The deductibility of payments of eligible section 1106 expenses that result in loan forgiveness under section 1106(b) of the CARES Act is also subject to disallowance under case law and published rulings that deny deductions for otherwise deductible payments for which the taxpayer receives reimbursement. See, e.g., Burnett v. Commissioner, 356 F.2d 755, 759-60 (5th Cir. 1966); Wolfers v. Commissioner, 69 T.C. 975 (1978); Charles Baloian Co. v. Commissioner, 68 T.C. 620 (1977); Rev. Rul. 80- 348, 1980-2 C.B. 31; Rev. Rul. 80-173, 1980-2 C.B. 60.[5]
Is this Notice the final word on this issue? Very possibly not. First, it is possible a taxpayer may decide to challenge this position in court. Whether they would or would not prevail is open to question, and the other big problem is being able to afford the litigation to begin with.
The more likely road to relief would be if Congress were to act in the next Coronavirus bill (assuming there will be such a bill, as many do assume) to simply enact an amendment to make clear that expenses used to justify PPP loan forgiveness are deductible, regardless of any provision in the IRC contrary to that conclusion.

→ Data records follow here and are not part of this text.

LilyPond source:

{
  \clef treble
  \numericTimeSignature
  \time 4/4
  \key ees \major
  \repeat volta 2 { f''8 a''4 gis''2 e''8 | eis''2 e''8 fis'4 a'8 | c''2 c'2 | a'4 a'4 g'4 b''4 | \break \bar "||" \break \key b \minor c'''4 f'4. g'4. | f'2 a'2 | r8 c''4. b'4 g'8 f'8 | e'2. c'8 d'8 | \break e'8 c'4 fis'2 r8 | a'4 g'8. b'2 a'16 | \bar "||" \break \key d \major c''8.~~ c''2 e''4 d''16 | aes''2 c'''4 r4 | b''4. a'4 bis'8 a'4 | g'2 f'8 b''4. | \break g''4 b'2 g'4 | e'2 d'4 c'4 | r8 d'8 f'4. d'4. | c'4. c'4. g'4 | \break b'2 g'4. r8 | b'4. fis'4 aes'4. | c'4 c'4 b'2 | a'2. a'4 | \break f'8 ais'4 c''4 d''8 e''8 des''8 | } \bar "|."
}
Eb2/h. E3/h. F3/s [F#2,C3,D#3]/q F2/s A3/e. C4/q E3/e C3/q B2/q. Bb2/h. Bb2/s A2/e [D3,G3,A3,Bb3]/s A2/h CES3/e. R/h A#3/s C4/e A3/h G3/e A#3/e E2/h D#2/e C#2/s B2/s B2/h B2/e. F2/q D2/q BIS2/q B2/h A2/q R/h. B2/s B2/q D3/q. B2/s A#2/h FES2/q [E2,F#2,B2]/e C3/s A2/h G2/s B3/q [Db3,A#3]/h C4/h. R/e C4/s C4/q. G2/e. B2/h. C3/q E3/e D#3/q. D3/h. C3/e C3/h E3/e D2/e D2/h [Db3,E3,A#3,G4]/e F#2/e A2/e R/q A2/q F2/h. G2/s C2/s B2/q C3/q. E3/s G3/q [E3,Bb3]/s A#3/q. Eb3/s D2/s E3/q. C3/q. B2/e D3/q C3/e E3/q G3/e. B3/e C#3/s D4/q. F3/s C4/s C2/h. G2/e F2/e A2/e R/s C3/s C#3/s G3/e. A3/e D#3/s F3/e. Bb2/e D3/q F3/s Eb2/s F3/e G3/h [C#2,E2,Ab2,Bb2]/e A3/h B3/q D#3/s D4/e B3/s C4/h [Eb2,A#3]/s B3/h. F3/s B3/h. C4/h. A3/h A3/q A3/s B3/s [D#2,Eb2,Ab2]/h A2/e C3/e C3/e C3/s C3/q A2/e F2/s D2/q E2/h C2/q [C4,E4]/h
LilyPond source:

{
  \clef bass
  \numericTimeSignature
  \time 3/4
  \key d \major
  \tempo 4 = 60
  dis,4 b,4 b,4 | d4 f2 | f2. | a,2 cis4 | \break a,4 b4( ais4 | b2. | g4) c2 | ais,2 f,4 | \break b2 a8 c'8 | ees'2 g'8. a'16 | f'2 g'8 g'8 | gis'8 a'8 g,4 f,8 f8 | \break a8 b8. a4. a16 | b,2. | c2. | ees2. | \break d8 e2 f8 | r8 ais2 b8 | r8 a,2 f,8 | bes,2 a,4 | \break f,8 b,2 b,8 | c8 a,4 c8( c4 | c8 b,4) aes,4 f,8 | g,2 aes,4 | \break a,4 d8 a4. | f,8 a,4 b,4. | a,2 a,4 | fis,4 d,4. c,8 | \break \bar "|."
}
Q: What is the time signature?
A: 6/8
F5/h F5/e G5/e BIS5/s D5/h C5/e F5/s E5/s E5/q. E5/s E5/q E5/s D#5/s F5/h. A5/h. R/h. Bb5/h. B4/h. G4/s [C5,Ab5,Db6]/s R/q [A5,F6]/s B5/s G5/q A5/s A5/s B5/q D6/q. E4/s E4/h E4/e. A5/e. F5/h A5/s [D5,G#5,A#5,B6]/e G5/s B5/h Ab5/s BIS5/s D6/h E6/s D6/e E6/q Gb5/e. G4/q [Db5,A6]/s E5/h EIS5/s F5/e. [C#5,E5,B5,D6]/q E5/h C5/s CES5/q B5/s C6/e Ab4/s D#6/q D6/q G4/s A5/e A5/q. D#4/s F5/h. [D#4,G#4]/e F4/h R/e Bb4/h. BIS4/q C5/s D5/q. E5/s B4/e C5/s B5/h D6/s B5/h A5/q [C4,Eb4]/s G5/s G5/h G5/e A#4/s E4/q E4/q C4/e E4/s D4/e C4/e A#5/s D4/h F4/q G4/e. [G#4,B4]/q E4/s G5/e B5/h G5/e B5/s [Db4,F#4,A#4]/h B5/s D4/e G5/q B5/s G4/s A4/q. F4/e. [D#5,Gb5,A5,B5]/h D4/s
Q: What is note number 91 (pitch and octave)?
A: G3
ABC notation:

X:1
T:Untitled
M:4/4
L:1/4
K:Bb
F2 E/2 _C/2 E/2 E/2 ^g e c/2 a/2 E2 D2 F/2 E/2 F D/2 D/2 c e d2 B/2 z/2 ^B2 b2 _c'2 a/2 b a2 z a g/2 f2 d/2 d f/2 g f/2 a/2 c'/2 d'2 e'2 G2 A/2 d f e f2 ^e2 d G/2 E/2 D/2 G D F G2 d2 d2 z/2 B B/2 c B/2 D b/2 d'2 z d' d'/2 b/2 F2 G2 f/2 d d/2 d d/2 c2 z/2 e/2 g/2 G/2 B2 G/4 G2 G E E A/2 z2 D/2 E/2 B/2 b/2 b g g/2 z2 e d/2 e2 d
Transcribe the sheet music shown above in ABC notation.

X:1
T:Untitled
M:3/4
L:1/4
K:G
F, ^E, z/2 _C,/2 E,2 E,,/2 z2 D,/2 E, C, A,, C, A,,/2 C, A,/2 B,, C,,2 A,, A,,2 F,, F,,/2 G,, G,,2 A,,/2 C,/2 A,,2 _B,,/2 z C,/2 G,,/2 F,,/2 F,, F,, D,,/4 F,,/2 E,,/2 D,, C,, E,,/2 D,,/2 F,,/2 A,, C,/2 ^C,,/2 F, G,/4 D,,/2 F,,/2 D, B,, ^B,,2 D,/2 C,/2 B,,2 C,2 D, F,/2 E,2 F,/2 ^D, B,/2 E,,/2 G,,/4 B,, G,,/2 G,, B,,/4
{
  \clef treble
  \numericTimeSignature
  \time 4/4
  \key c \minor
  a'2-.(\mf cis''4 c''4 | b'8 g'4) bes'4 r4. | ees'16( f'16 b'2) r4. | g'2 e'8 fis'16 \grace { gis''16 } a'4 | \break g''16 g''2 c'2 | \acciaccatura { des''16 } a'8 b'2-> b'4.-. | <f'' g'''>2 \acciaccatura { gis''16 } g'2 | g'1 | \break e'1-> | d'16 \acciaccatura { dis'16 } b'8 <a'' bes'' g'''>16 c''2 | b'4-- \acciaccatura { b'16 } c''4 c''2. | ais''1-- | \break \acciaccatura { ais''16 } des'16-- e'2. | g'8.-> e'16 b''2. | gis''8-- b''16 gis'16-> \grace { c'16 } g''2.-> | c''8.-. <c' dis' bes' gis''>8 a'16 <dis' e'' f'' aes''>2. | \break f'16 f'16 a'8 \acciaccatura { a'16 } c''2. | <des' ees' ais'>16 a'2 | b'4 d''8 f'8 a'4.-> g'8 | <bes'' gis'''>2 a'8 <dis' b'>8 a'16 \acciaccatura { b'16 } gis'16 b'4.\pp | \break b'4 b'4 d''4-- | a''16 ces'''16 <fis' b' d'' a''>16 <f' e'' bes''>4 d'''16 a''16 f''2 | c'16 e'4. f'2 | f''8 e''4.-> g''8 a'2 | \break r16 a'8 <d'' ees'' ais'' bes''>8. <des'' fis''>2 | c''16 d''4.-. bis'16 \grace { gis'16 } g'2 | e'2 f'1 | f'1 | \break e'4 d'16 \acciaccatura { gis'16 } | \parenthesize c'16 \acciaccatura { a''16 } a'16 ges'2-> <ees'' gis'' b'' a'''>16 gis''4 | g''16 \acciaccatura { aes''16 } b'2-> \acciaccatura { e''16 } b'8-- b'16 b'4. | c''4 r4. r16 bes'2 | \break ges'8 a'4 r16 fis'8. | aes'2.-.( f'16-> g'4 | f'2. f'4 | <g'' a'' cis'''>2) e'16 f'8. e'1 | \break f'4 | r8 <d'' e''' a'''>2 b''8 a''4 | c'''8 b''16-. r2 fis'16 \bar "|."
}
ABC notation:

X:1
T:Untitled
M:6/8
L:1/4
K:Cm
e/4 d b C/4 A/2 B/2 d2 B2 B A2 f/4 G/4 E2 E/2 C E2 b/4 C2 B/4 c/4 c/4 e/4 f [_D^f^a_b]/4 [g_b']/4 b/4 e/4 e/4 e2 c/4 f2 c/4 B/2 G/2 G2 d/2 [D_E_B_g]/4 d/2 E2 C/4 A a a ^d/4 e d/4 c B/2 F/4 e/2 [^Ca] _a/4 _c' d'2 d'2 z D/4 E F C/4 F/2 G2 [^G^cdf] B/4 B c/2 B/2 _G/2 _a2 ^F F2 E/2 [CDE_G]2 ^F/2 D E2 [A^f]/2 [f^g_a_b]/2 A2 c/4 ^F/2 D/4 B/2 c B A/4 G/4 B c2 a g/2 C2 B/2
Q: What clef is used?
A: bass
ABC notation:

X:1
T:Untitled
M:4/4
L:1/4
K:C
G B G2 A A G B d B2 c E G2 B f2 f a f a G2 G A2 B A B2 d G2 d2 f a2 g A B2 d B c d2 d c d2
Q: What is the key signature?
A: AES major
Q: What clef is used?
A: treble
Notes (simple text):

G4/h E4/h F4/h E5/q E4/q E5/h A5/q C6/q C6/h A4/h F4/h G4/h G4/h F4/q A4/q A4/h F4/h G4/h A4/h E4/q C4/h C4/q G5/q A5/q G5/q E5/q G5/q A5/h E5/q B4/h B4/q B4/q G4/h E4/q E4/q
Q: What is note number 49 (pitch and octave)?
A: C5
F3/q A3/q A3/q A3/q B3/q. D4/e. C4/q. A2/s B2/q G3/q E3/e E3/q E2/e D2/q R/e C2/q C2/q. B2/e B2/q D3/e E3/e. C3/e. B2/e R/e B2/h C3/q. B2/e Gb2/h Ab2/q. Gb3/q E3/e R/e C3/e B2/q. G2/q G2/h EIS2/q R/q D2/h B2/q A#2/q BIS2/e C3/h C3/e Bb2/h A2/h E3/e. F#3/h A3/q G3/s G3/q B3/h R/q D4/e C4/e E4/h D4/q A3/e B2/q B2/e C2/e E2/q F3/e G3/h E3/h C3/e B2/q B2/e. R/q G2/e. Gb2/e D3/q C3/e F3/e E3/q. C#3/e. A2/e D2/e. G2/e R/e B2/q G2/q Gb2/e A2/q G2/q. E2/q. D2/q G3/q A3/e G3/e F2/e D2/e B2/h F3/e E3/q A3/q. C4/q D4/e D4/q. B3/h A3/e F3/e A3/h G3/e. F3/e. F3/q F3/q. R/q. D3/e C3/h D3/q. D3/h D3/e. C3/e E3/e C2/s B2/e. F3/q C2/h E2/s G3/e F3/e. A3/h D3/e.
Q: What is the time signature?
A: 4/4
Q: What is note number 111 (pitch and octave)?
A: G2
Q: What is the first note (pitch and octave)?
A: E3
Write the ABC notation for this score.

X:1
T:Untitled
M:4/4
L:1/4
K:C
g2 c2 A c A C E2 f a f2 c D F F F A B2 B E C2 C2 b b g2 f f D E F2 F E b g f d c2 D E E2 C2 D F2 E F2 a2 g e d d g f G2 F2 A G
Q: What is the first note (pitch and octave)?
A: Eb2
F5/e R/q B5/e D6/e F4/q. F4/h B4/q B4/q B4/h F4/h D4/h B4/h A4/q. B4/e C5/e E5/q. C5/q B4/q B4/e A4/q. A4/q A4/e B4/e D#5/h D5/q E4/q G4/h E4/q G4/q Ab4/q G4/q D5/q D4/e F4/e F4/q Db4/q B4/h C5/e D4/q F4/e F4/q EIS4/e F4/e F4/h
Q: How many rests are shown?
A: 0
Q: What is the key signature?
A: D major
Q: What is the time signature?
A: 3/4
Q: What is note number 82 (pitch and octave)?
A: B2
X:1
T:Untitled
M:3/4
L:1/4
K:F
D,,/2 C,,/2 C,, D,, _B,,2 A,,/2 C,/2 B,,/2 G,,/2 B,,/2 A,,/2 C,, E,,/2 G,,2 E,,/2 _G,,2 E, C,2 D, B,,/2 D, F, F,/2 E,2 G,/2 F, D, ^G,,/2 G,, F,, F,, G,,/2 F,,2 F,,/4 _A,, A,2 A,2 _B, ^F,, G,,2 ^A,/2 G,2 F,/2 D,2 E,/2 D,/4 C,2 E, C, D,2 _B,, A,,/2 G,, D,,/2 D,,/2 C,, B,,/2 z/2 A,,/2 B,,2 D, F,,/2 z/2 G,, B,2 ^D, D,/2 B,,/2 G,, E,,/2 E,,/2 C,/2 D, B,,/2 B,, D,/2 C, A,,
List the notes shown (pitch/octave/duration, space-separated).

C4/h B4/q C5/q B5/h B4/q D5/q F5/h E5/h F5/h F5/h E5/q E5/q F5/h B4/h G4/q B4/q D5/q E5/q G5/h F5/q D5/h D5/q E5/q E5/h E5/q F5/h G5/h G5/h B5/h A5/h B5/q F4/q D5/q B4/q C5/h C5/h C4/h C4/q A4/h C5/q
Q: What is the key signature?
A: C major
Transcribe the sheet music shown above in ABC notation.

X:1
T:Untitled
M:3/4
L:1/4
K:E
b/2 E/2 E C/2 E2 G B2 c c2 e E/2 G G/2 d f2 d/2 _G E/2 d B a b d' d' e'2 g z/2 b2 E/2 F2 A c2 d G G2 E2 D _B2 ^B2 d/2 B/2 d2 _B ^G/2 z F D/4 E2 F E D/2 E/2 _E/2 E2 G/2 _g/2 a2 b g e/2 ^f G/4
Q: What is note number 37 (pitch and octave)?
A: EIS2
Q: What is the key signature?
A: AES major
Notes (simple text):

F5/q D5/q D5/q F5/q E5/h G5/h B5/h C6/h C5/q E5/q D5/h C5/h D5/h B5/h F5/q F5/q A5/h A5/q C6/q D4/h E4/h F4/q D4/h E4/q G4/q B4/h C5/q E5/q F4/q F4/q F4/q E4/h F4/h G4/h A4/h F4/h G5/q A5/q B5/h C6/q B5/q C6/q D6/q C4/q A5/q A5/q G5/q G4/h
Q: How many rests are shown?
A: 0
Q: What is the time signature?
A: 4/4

But that assumes Congress can agree that this is a step they want to take.
[1] Notice 2020-32, April 30, 2020, https://www.irs.gov/pub/irs-drop/n-20-32.pdf (retrieved April 30, 2020)
[2] Notice 2020-32, Section II
[3] Notice 2020-32, Section III
[4] Notice 2020-32, Section III (It appears the IRS may have intended to label the header as IV, but the initial version posted did not do so. It is possible the agency will post a corrected Notice that will label this as Section IV.)